Оккупированный немцами Севастополь не сдался на милость врагу, он продолжал сражаться.

...Мы снова и снова ходили по заводу, пробираясь через завалы, груды камней и металла. Очень важно установить размеры нанесённого ущерба, степень пригодности оборудования, зданий, коммуникаций, причалов и т. п. Прежде чем восстанавливать, надо определить, с чего начинать, как скорее ввести завод в строй.

Тысячи матросов, солдат, горожан — все, кто мог держать в руках кирку и лопату, вышли на расчистку улиц. Тачками, грузовиками вывозили битый кирпич и щебень. Без устали работали минёры. А там, где была надпись «мин нет», раскапывали завалы, уносили на носилках камень. От Инкермана тянулась вереница машин с аккуратно нарезанными кубиками известняка. Где-то уже стучали топоры, поднимались стропила. Город возрождался из руин и пепла.

Проходя как-то мимо котельной, я обратил внимание на группу рабочих с кирками и лопатами. Люди [155] оставили инструмент и, плотно сгрудившись, что-то рассматривали. Может быть, неразорвавшийся снаряд или бомба? Я подошёл. В руках одного из рабочих был покорёженный, измятый заводской гудок. Мы все невольно переглянулись, не знали, что сказать друг другу. Вернее, не знали, какими словами выразить вдруг охватившее нас волнение. Родной наш гудок. Сколько с ним связано воспоминаний! Я вдруг понял, чего не хватало всё это время, пока находился в освобождённом городе: не слышно было гудка. Ни утром, ни в обед, ни в конце рабочего дня. Без нашего гудка город казался немым.

Фрагмент памятника

Фрагмент памятника-монумента морзаводцам погибшим в годы
Великой Отечественной войны.

Должно быть, многие севастопольцы в те дни чувствовали то же самое. Десятилетиями всегда в одно время гудок будил город. По гудку вставали, по гудку шли на работу, бежали в школу дети. Гудок возвещал конец рабочих смен. В военное время предупреждал об опасности, подавая сигнал тревоги. Мы так привыкли к нему, что, казалось, различали, если можно так сказать, «настроение» гудка.

Гудок был чутким и верным стражем, хранителем десятилетиями устоявшихся традиций севастопольцев... [156]

И вот теперь он извлечён из-под груды камней, — израненный, погнутый, искалеченный, безжизненный. Кто-то из стоявших рядом сказал:

— Починим!

— Наладим, как пить дать! — отозвался другой.

— Ещё погудишь! — сказал третий, как говорят раненому: «Ещё поживёшь!»

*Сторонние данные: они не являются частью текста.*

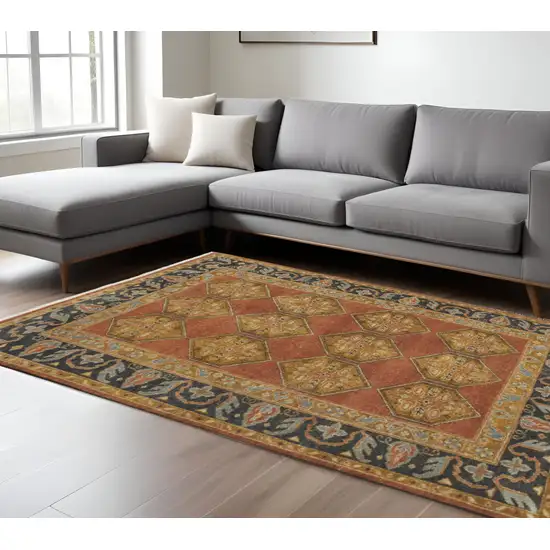 Tan Orange And Brown Wool Floral Hand Knotted Stain Resistant Area Rug Photo 1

Я не выдержал. Слёзы невольно навернулись на глаза. Отошёл от тесного кружка морзаводцев, огляделся по сторонам. Южная бухта. Балки. Холмы. Руины. «Ещё погудишь! — повторял я про себя. — Ещё погудишь!..»

Какие-то новые звуки долетели до меня. Где-то кричали. Тут я заметил, что отовсюду бегут, торопятся людские фигурки. Все в одну сторону — к морю. Что случилось?

На Приморском бульваре негде протиснуться. Женщины, дети, солдаты, старики, молодёжь. Наверное, весь город был сейчас здесь.

— Идут! Идут! Урр-а-а!

Корабли Черноморского флота возвращались в свою главную базу.

Полетели вверх кепки, фуражки, косынки. Тысячи рук и тысячи голосов приветствовали моряков. Плакали и смеялись. Обнимали друг друга, целовались.

Корабли подходят всё ближе и ближе. Первым идёт «Красный Крым», за ним линкор «Севастополь», на мачте которого развевается флаг командующего флотом. Затем — крейсеры, эсминцы... Сколько связано с каждым кораблём, сколько труда, сил, энергии отдано любому из них. Вот идёт «Молотов» с новой кормой. Нет, ничего, всё в порядке, вид у него превосходный...

Гитлеровская пропаганда кричала с пеной у рта, что Черноморской эскадры не существует, что все корабли потоплены или выведены из строя.

Ничего подобного! Вот он, грозный Черноморский флот!

Раздались мощные залпы корабельных орудий — эскадра приветствовала свой родной город.

В ответ ударили береговые батареи.

Новые крики «ура», новая волна приветствий, слёзы радости и слёзы о тех, кто не дожил до этого дня, но отдал свою жизнъ, чтобы день этот наступил.